Baptyści przyjmują uchodźców od piątku, 25 lutego. W świątyni przygotowano ponad 200 miejsc noclegowych. Wszystkie pomieszczenia znajdujące się w budynku są przeznaczone dla osób potrzebujących, nawet kaplica.
- Gdy tylko dowiedzieliśmy się z mediów o wojnie na Ukrainie, postanowiliśmy szybko zareagować. Sami, z kościelnych środków, zakupiliśmy 40 materacy, pralkę oraz 100 kompletów pościeli. Następnego dnia mieliśmy już 30 osób. Gdy tylko zobaczyliśmy, że fala uchodźców rośnie, zaczęliśmy ogłaszać, że potrzebna nam pomoc - opowiada pastor baptystów.
Kościół jest przygotowany na spore grupy potrzebujących. Wszyscy chętnie wspierają wspólnotę. Pomocy szukają tu naprawdę różni ludzie.
- Uchodźcy trafiają do nas z całej Ukrainy. Pomagamy im z transportem, dokumentacją i tłumaczeniem. Kiedy się prześpią i odpoczną, staramy się wysyłać ich dalej. Transportujemy uchodźców do miejsc docelowych albo pomagamy im takie znaleźć. Służby graniczne i punkty recepcyjne wysyłają uchodźców do nas. Jesteśmy miejscem rotacyjnym. Staramy się tych ludzi zarejestrować, aby zostawili jakiś ślad po sobie. Chcemy zapisać, w jaką stronę pojechali. Ludziom, którzy nie mają paliwa, dajemy pieniądze na jego zakup. Natomiast tym, którzy nie mają jedzenia, dajemy paczki żywnościowe, które dostajemy od darczyńców. Nikomu nie odmawiamy pomocy. Staramy się wesprzeć wszystkich. Najtrudniejsza jest logistyka. Nie robimy jakiś nadzwyczajnych rzeczy, tylko to, co do nas należy - wyjaśnia pastor.
Fot. Baptyści Chełm
Co musieli przeżyć?
Kościół baptystów przygarnął matki z dziećmi, kobiety w ciąży oraz osoby starsze. Lena z dziećmi przyjechała do Polski z Charkowa.
- Mój tata tam został. Bardzo się o niego boję. Czasami może chodzić po ulicach miasta. Zazwyczaj jednak spędza czas w piwnicy w obawie przed ostrzałem i wojną. Przez to, że tam jest, pojawiły się u niego problemy ze zdrowiem - mówi Pietia.

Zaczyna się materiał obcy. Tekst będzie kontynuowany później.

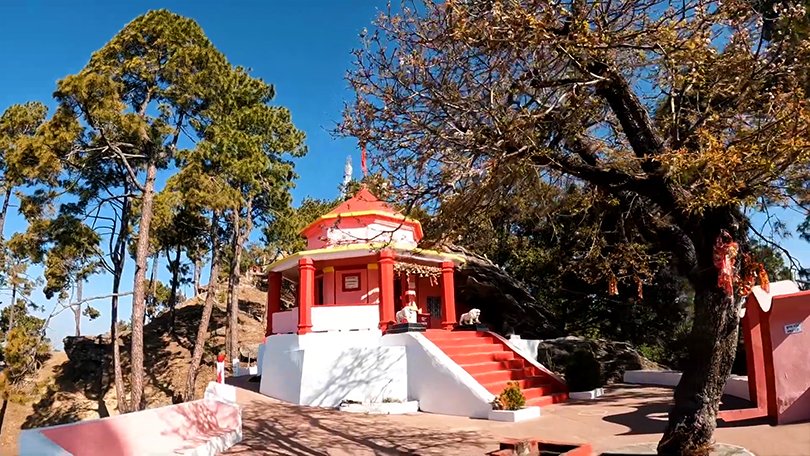 Scenic Kasar Devi Temple near Binsar with panoramic mountain views, spiritual vibes, and rich cultural history.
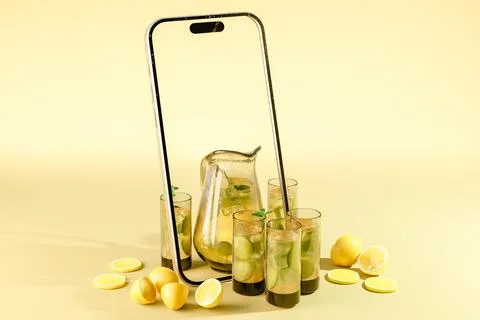 3d rendering of mockup smartphone with glasses of refreshing citrus juice and Stock Illustration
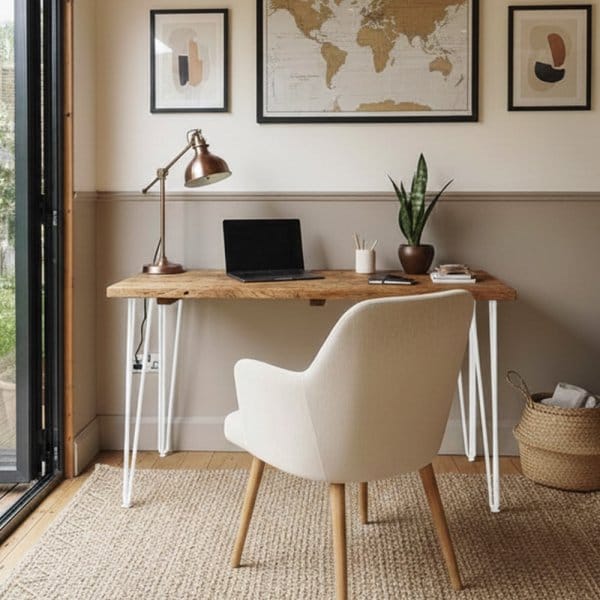 Hairpin Leg Desk | Reclaimed Solid Wood Desk | Rustic Home Office Furniture | Reception Desks
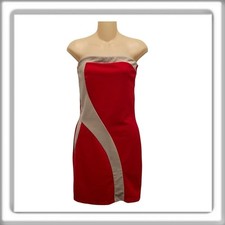 TCEC Strapless Tube Bandage Bodycon Mini Dress Red Tan Size Medium
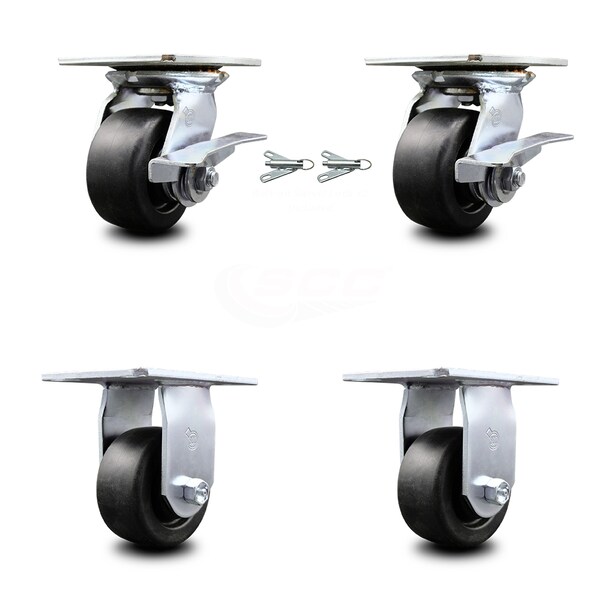 4 Inch Polyolefin Caster Brakes/Swivel Locks and 2 Rigid, 2PK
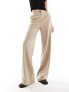 Фото #7 товара ASOS DESIGN Tall wide leg trouser in taupe pinstripe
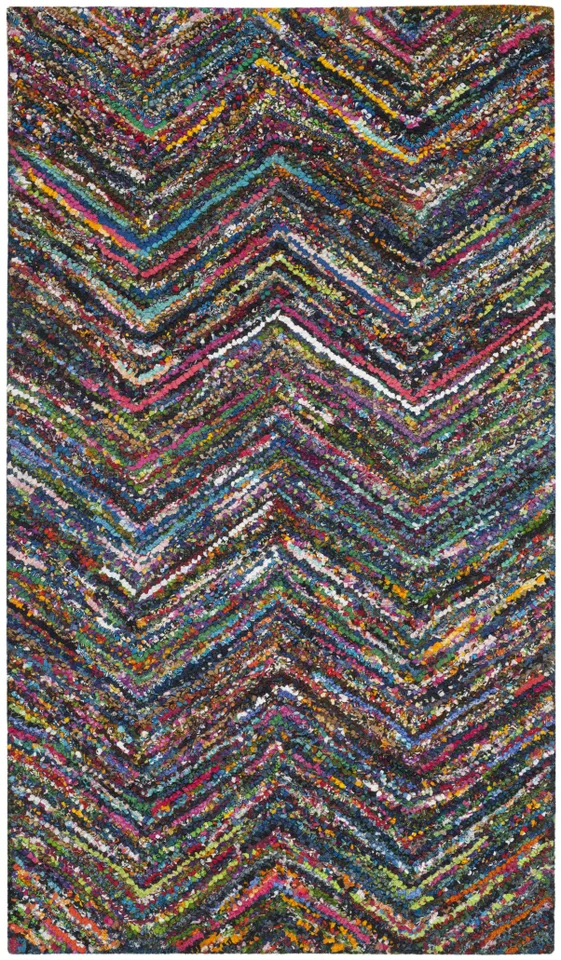 Arlo Home Hand Tufted Area Rug, NAN141C, Blue/Multi,  3' X 5'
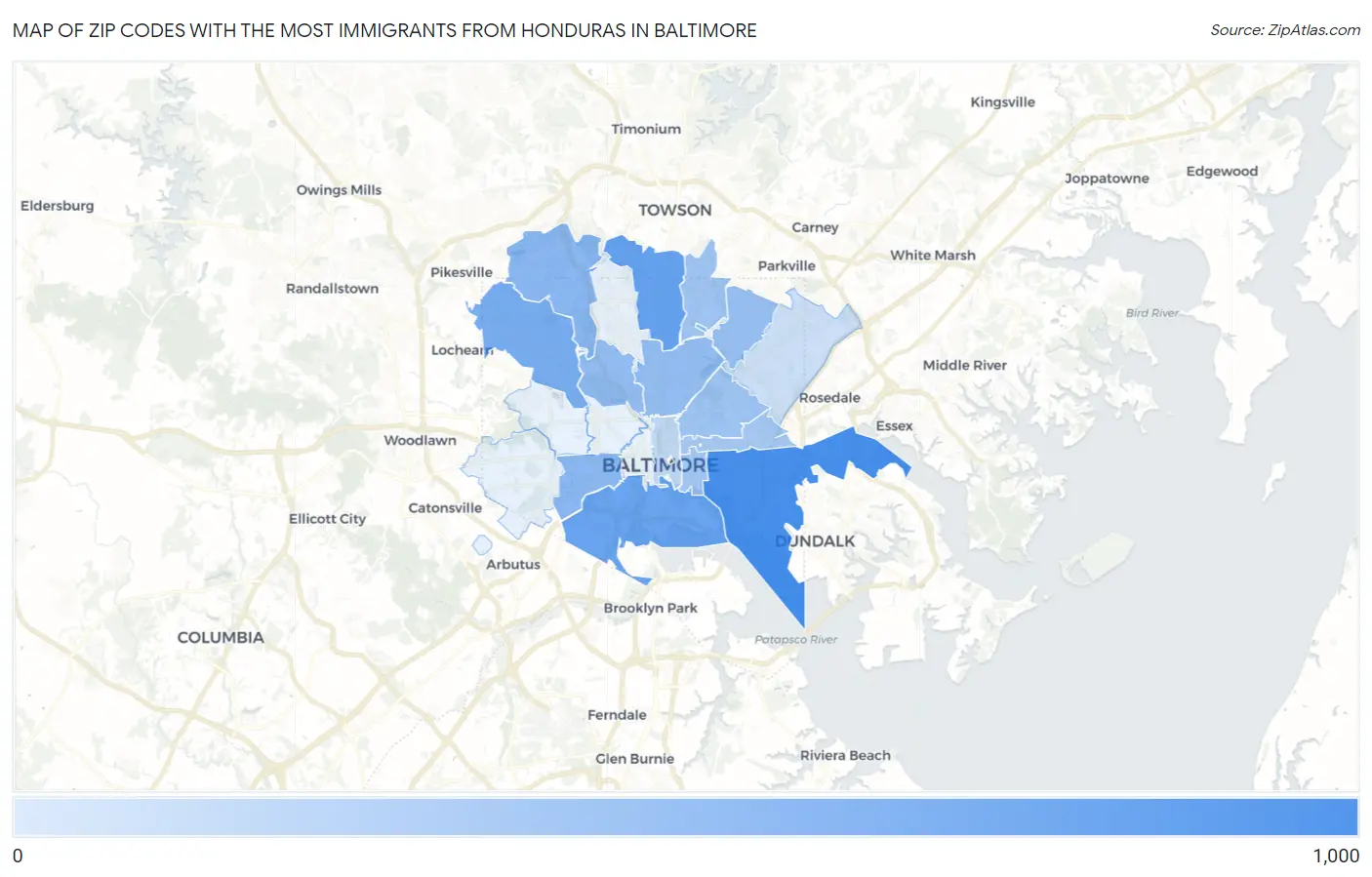 Zip Codes with the Most Immigrants from Honduras in Baltimore Map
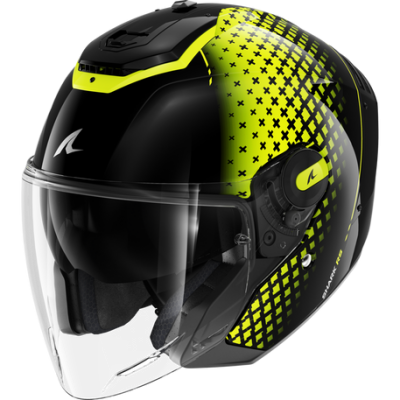 SHARK RS JET STRIDE BLACK YELLOW SILVER HELMET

- Mój syn ma 20 lat, przepuścili go przez granicę, ponieważ byłam w ostatnim czasie chora. Leżałam w szpitalu. Pokazałam swoje wyniki badań pogranicznikom, więc zgodzili się go przepuścić, żeby się mną opiekował. Mam jeszcze młodszego syna. Ma 11 lat, jednak jest za mały, aby mi pomagać. Jestem bardzo wdzięczna Polakom, że tak bardzo nas wspierają - mówi kobieta.
Chętnych do pomocy wciąż niewiele
Wolontariusze przygotowują posiłki, segregują dary, pełnią funkcje tłumaczy. Jeden z wolontariuszy, mimo zmęczenia, podzielił się z nami swoimi spostrzeżeniami.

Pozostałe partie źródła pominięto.